There’s no question that a low loonie creates economic challenges and negative effects on consumers, particularly for those travelling south this winter, but there are positives too. Obviously, the dipping dollar is good for exporters—the lower the dollar, the cheaper it is for other countries to buy the stuff we produce. We spoke to Sherry Cooper, chief economist at Dominion Lending Centres to give us some silver-linings to the low loonie situation. She says that the state of the Canadian dollar should also help stimulate job growth, increase stock prices and help the broader economy. Here are four reasons to love a low loonie:
It will take time for the benefits of the lower loonie to trickle down to the manufacturing sector, but one area where it could have almost an immediate impact is on tourism. “Americans would almost certainly find Canada attractive for tourism and shopping,” says Cooper. The timing is certainly good since Canada’s starting to look cool again to foreign markets. The New York Times recently released its list of 52 places to visit in 2016 and Toronto comes in at No. 7. It’s also a great time to be a tourist in your own country, since it’ll be a lot cheaper to vacation in Banff than take a trip across the border.

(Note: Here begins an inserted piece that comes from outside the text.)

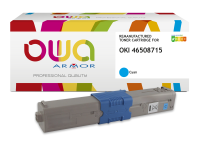 Toner remanufacturé OWA - standard - pour OKI 46508715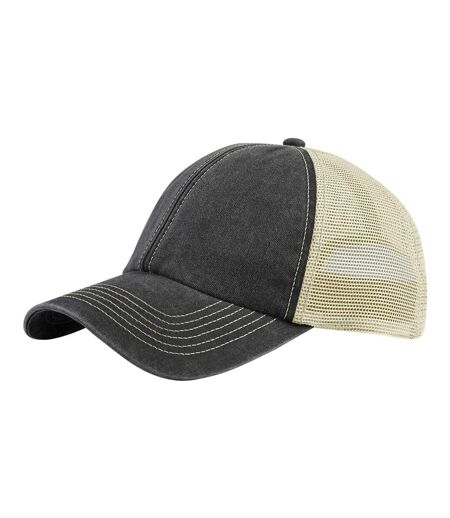 Casquette Trucker Vieux Marron Beige Gris Beechfield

Given the volume of imported goods we consume in Canada, Canadians should brace themselves for higher prices at the register—but just not yet. According to Cooper the full effect of the decline in the dollar hasn’t appeared on store shelves for imported goods. This will change as inventory turn over, but as stores clear out merchandise, especially in the post-holiday shopping period, Canadians are getting unprecedented deals on imported goods. For example, the CBC reports that a Honda Accord is currently $5,700 cheaper in Canada than it is in the States. And if you’re in the market for a flat-screen TV, it’ll probably be a lot less pricey here than in the U.S.
Canadians who have been wise enough to shrug off the home-country bias and invest in U.S. equities in recent years have reason to celebrate. Not only have U.S. equities vastly outperformed Canadian stocks, the falling loonie has been giving investors an added boost if they convert their U.S. holdings back into Canadian dollars. The effect has been pronounced. In 2015, S&P 500 lost 5.7% over the past 12-months, but the fact the Canadian dollar has slid 15% relative to the greenback means Canadians who bought the index enjoyed a 12.6% gain. Unfortunately, as Cooper notes, more Canadians tend to invest domestically.
Canada has already seen more than its fair share of foreign interest in our real estate market, but the cheap dollar could help fuel that interest even more, says Cooper. Some of this increased demand will be from Americans buying vacation homes, while others will look to Canada as a place to invest. “Canada is seen as a safe haven for foreign capital so this helps to further encourage it,” she says. This isn’t good news if you’re in the market for a new home, but it is good news if you have already invested in real estate and are able to capitalize on higher sales prices. Enjoy.